[Entries taken from a collection]
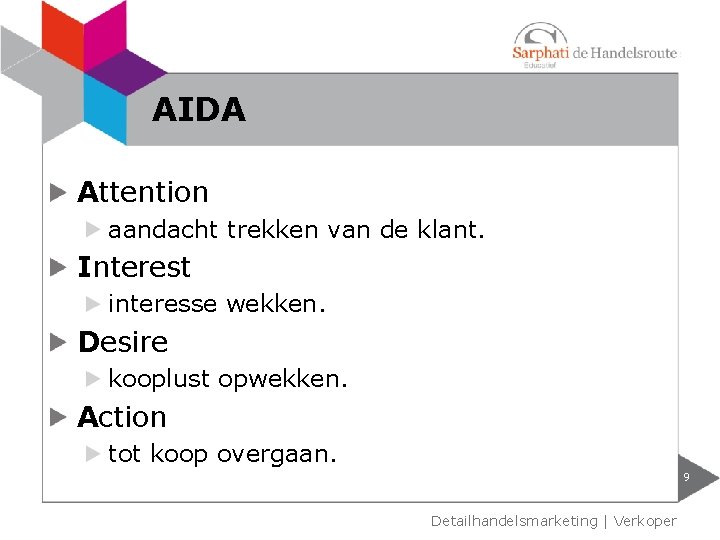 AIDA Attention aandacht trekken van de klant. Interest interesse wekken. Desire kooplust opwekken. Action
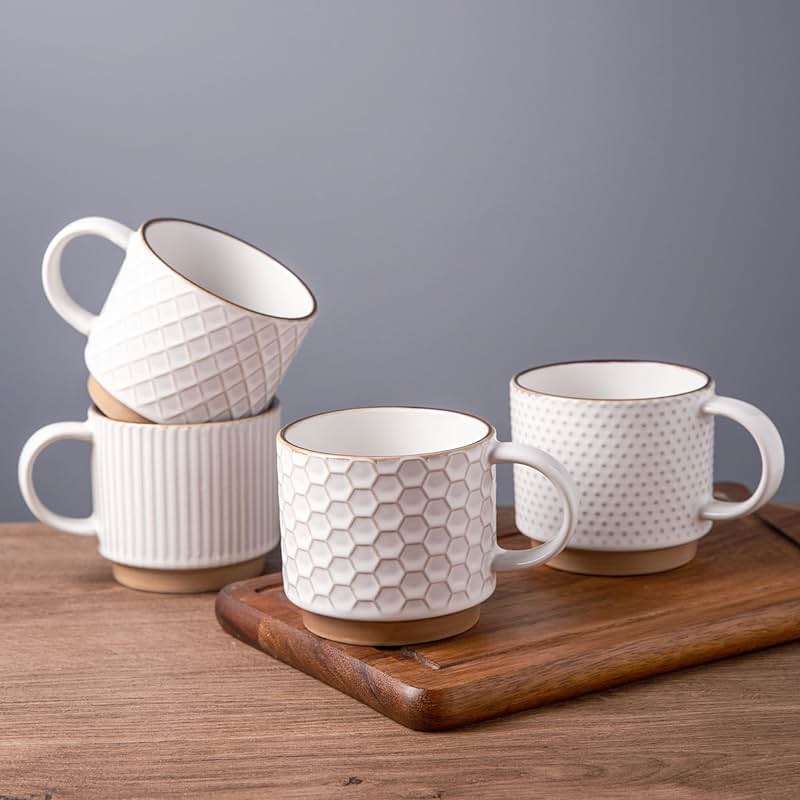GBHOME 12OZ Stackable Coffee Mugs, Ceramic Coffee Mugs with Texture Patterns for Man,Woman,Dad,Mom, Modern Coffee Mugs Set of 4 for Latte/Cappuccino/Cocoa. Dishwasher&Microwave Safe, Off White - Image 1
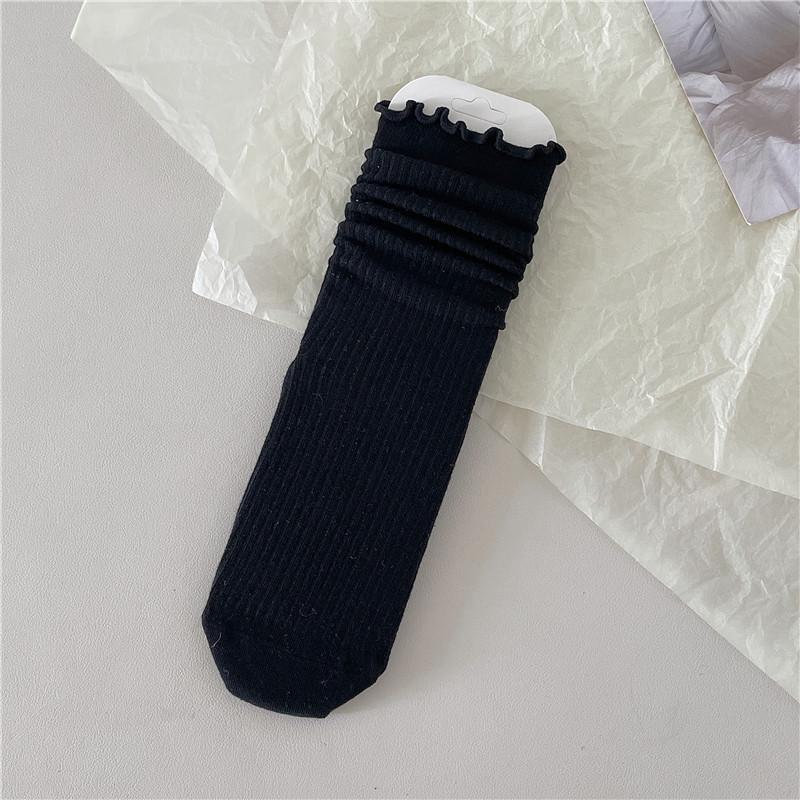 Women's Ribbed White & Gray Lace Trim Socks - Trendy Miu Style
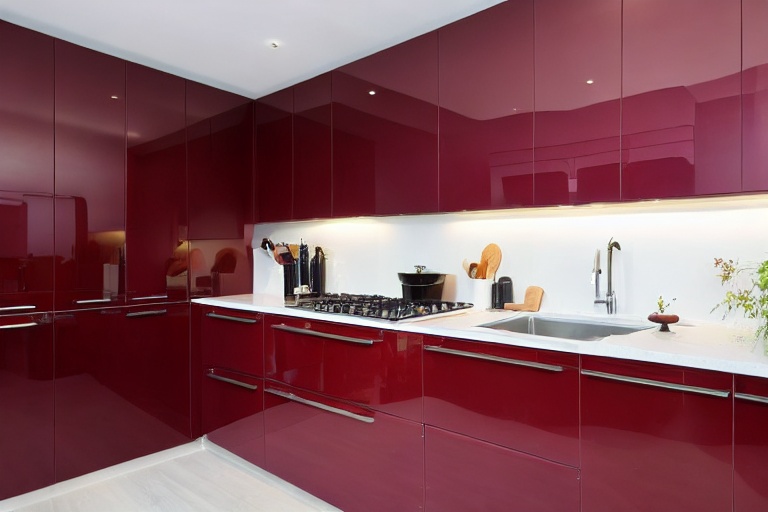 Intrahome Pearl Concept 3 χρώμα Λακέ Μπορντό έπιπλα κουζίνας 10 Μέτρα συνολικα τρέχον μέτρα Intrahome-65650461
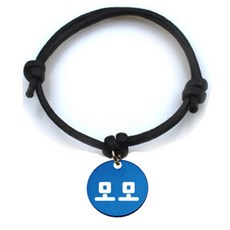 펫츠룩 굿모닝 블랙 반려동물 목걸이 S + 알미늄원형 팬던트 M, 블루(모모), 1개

Aim of the exercise: Give back every entry word for word, and drop the pictures as you go.

Answer space:
 AIDA Attention aandacht trekken van de klant. Interest interesse wekken. Desire kooplust opwekken. Action
GBHOME 12OZ Stackable Coffee Mugs, Ceramic Coffee Mugs with Texture Patterns for Man,Woman,Dad,Mom, Modern Coffee Mugs Set of 4 for Latte/Cappuccino/Cocoa. Dishwasher&Microwave Safe, Off White - Image 1
 Women's Ribbed White & Gray Lace Trim Socks - Trendy Miu Style
 Intrahome Pearl Concept 3 χρώμα Λακέ Μπορντό έπιπλα κουζίνας 10 Μέτρα συνολικα τρέχον μέτρα Intrahome-65650461
 펫츠룩 굿모닝 블랙 반려동물 목걸이 S + 알미늄원형 팬던트 M, 블루(모모), 1개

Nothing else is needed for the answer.